▶ [PROBLEM TO SOLVE] An unchanged copy of every record below, without pictures, is the goal.

▶ [SOURCE RECORDS]
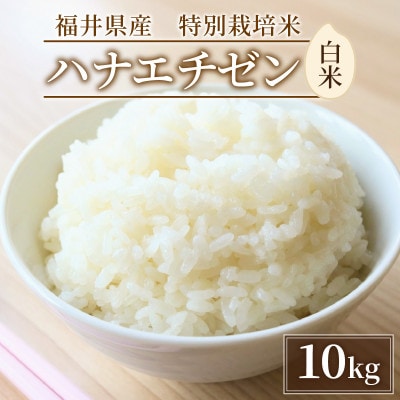 令和6年産　福井県産　特別栽培米ハナエチゼン(白米10kg)(一等米)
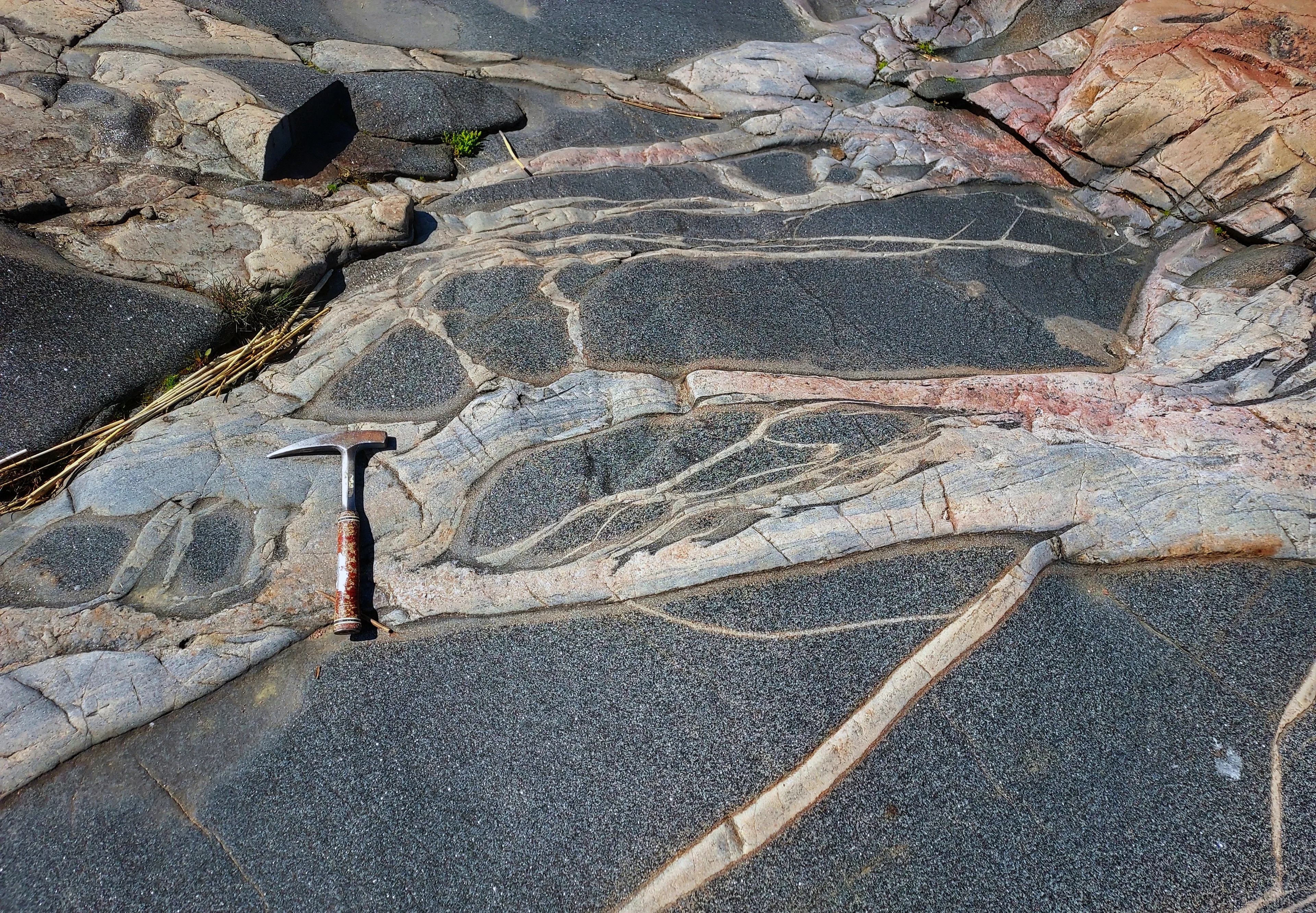 Metamorphic complex with amphibolite enclaves crossed by two generations of granitic veins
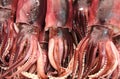 Fresh Inkfish / squid for sale Royalty Free Stock Photo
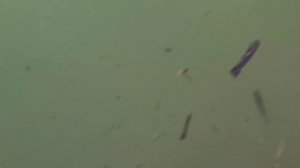 Рыбы озера Сукко поздравляют всех с 8 Марта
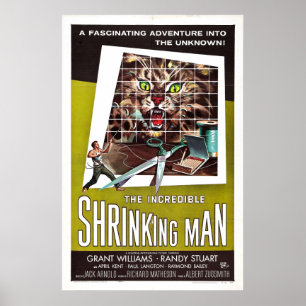 Den otroliga krympande mannen poster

▶ [TASK SOLUTION]
 令和6年産　福井県産　特別栽培米ハナエチゼン(白米10kg)(一等米)
 Metamorphic complex with amphibolite enclaves crossed by two generations of granitic veins
 Fresh Inkfish / squid for sale Royalty Free Stock Photo
 Рыбы озера Сукко поздравляют всех с 8 Марта
 Den otroliga krympande mannen poster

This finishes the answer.